Em entrevista à Rádio Cruz de Malta, o escrivão da Polícia Civil José Paulo explicou que as investigações começaram logo após o recebimento de um ofício encaminhado pela Promotoria de Justiça, baseado em informações repassadas por um morador que preferiu manter o anonimato.
“A Polícia Civil tomou conhecimento desse possível fato através de um ofício encaminhado pela Promotoria de Lauro Müller. A Promotoria recebeu uma denúncia anônima de um cidadão que não concordava com o que estava acontecendo naquele local”, afirmou.
Segundo o policial, localizar a propriedade foi um dos principais desafios da investigação devido às características geográficas do município. Ele destacou o trabalho desenvolvido pelo Núcleo de Inteligência da Polícia Civil.
“As localidades são extensas, com muitas áreas de mata, o que dificultou a localização. Mas, com o apoio do Núcleo de Inteligência, conseguimos identificar o local e confirmar que se tratava de uma plantação de cannabis.”
Ao chegarem à propriedade, os policiais constataram que não havia ninguém no local. Diante da situação de flagrante, as equipes realizaram a apreensão das plantas, além de diversos equipamentos utilizados no cultivo.
Estrutura chamou a atenção
De acordo com José Paulo, a estufa possuía uma estrutura sofisticada para o cultivo da droga, incluindo iluminação automática, controle do ambiente e insumos específicos.
“Chamou bastante atenção. Inclusive, conseguimos localizar a estufa porque, no fim da tarde, a iluminação acendeu automaticamente. Foi isso que permitiu a identificação visual do local.”
Os policiais encontraram oito pés de maconha em fase de desenvolvimento. As plantas estavam cultivadas em vasos de manta Bidim, material normalmente utilizado na produção de hortaliças.
“Os pés ainda estavam em processo de maturação. Acreditamos que era apenas o início do cultivo, porque havia bastante material armazenado, indicando que a intenção era expandir a plantação.”
Segundo a Polícia Civil, o terreno aparentava ter sido projetado originalmente para lazer, com área próxima a um rio e uma antiga quadra de vôlei, mas acabou sendo utilizado para o cultivo ilegal da droga.
Investigação continua
Embora ninguém tenha sido preso durante a operação, a Polícia Civil já identificou possíveis responsáveis pelo imóvel e pelos equipamentos encontrados no local.

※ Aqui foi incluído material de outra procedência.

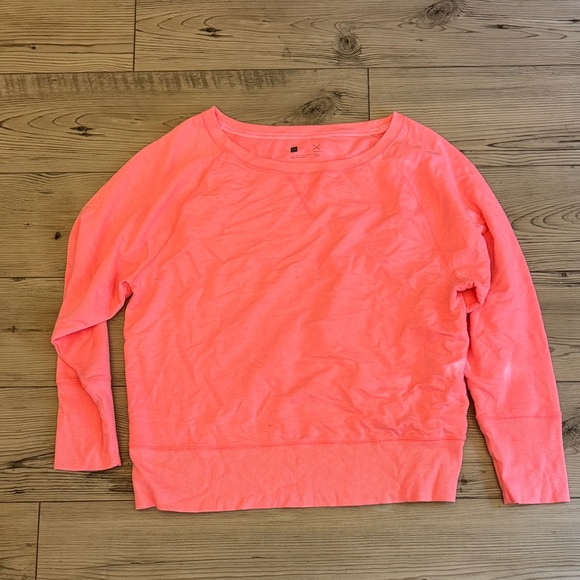 Xersion Coral hot pink Long Sleeve Shirt size XL crewneck - Picture 1 of 3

“Já conseguimos identificar alguns possíveis responsáveis. Agora eles serão chamados para prestar esclarecimentos e explicar se eram proprietários das plantas, dos insumos ou se o imóvel havia sido alugado ou vendido para terceiros.”
Conforme o policial, as circunstâncias encontradas reforçam a suspeita de que o cultivo tinha como finalidade o comércio ilegal de entorpecentes.

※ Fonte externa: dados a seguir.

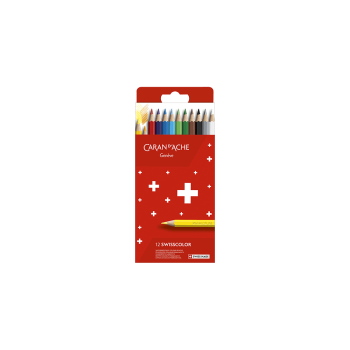 CARAN D'ACHE ΚΡΑΙΓΙΟΝ BLISTER 12 ΧΡΩΜΑΤΑ Φ2.8mm SWISSCOLOR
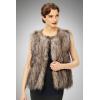 imageBABEYOND Womens Faux Fur Vest Short Coat Sleeveless Jacket for Winter Fluffy Outwear with PocketsCamel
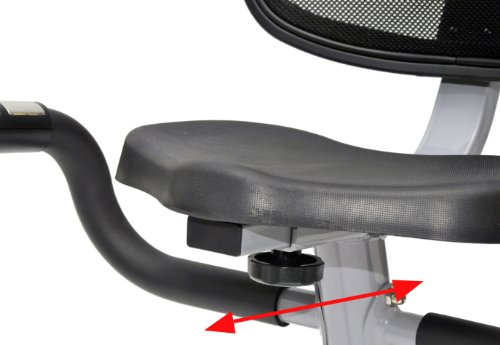 Christopeit Sitz- Ergometer RS 2, silber/schwarz, 1213 - 4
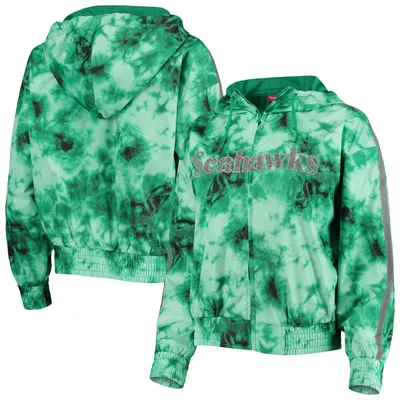 Philadelphia Eagles Mitchell & Ness Women's Galaxy Full-Zip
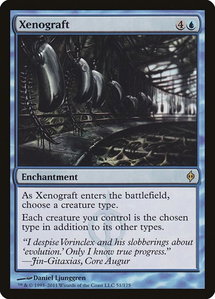 Xenograft - New Phyrexia (NPH) #51 - Rare Magic: The Gathering Trading Card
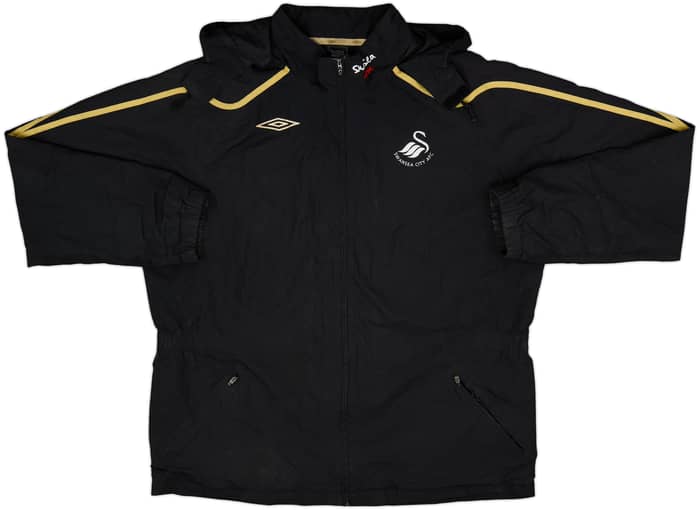 2008-09 Swansea Umbro Hooded Track Jacket - 7/10 - (XXL)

“As evidências nos levam a crer que não era uma plantação legal, mas sim uma plantação ilegal destinada ao comércio de drogas.”
Polícia reforça importância das denúncias
José Paulo também destacou que a participação da comunidade foi fundamental para o sucesso da operação e incentivou a população a continuar colaborando com as forças de segurança.
“Ninguém precisa ter medo de denunciar. A Polícia Civil possui um canal de denúncia anônima em seu site, onde nem os próprios policiais sabem quem enviou a informação.”
Ele orientou que o mais importante é fornecer o maior número possível de referências sobre o fato denunciado, sem preocupação com a forma de escrever.
“Não se preocupem em escrever de forma técnica ou com o português. O importante é trazer informações claras para que possamos identificar o local e investigar.”
Ao final da entrevista, o escrivão agradeceu o apoio da Polícia Militar de Lauro Müller e do Núcleo de Inteligência da Polícia Civil de Criciúma, ressaltando a integração entre as forças de segurança.
“Essa é uma integração das forças de segurança de Santa Catarina que atuam pelo bem de Lauro Müller”, concluiu.